Task directions:
Transcribe nothing except the lines below that run from the one with "Stickers muraux animaux" to the one with "Denim Mini Dress - L", ends included, and do not copy any picture.

Data records:
+ + + +

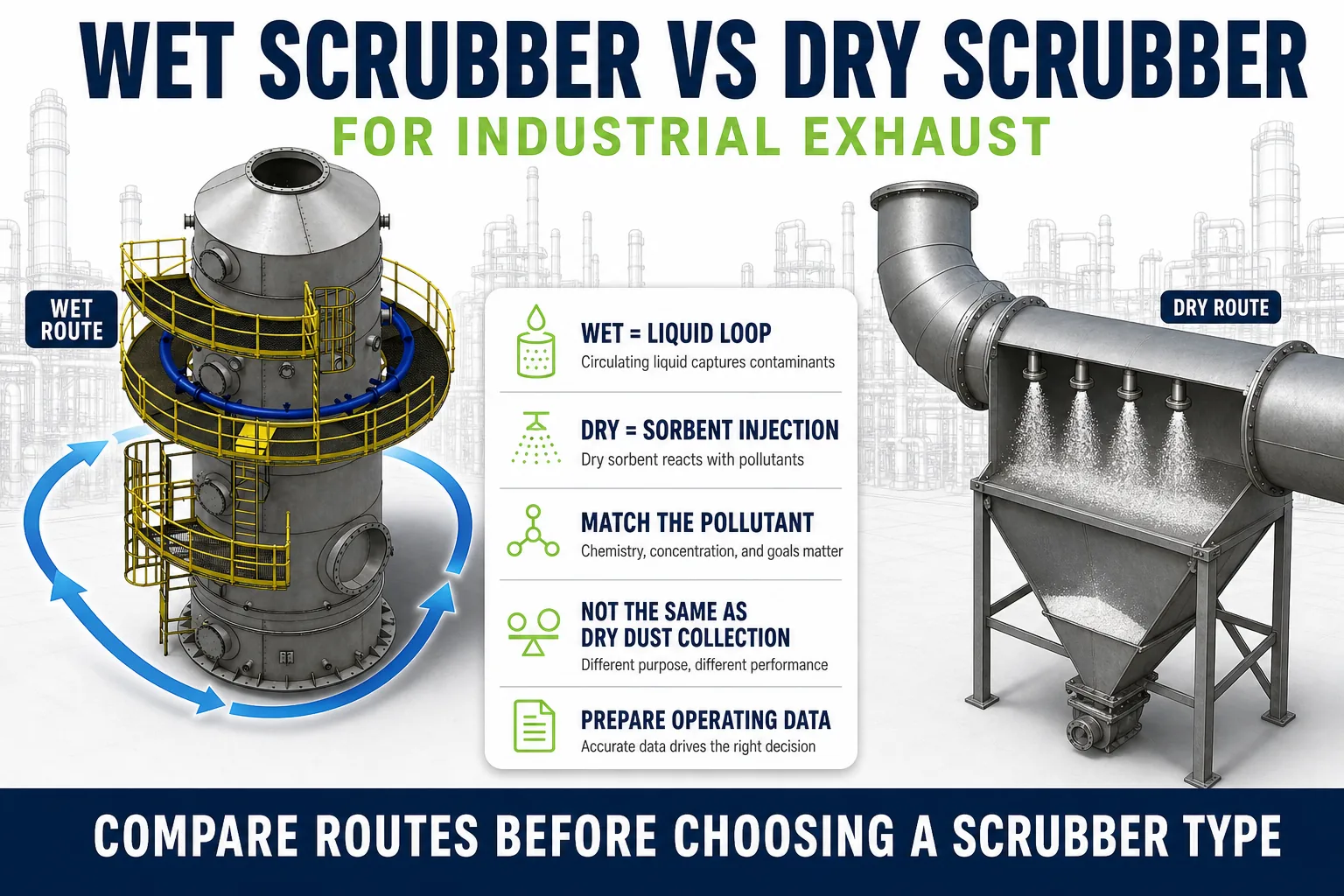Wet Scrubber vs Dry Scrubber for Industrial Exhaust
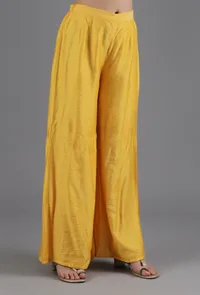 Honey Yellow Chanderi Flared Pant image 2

+ + + +

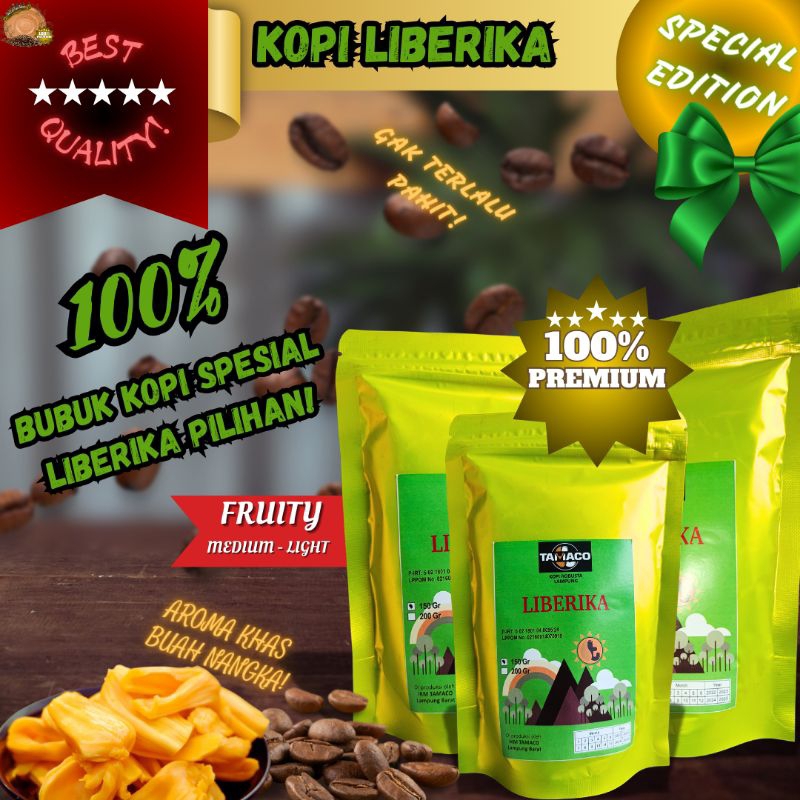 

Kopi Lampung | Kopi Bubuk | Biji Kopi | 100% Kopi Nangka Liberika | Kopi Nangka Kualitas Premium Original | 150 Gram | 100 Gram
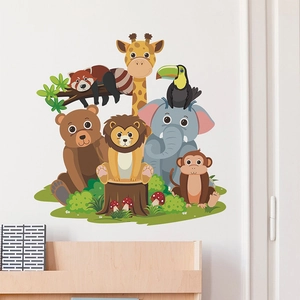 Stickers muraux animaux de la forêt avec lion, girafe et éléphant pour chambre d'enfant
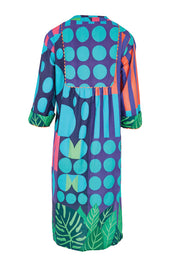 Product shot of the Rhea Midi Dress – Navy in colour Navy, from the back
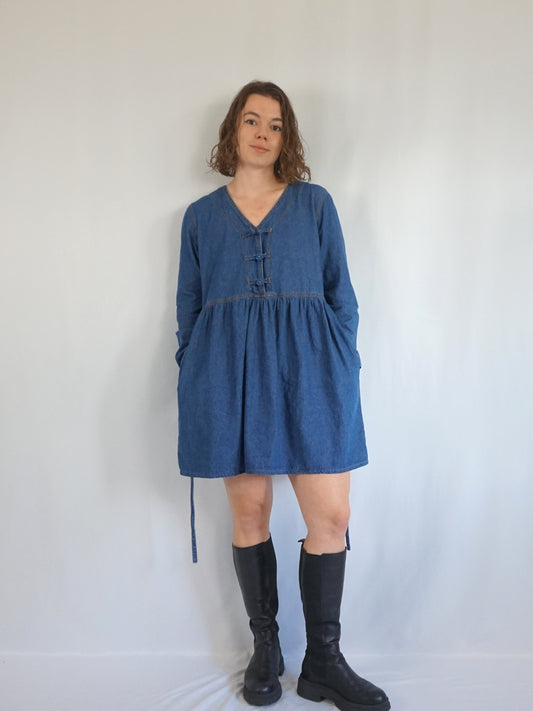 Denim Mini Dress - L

+ + + +

Answer area:
 Stickers muraux animaux de la forêt avec lion, girafe et éléphant pour chambre d'enfant
 Product shot of the Rhea Midi Dress – Navy in colour Navy, from the back
 Denim Mini Dress - L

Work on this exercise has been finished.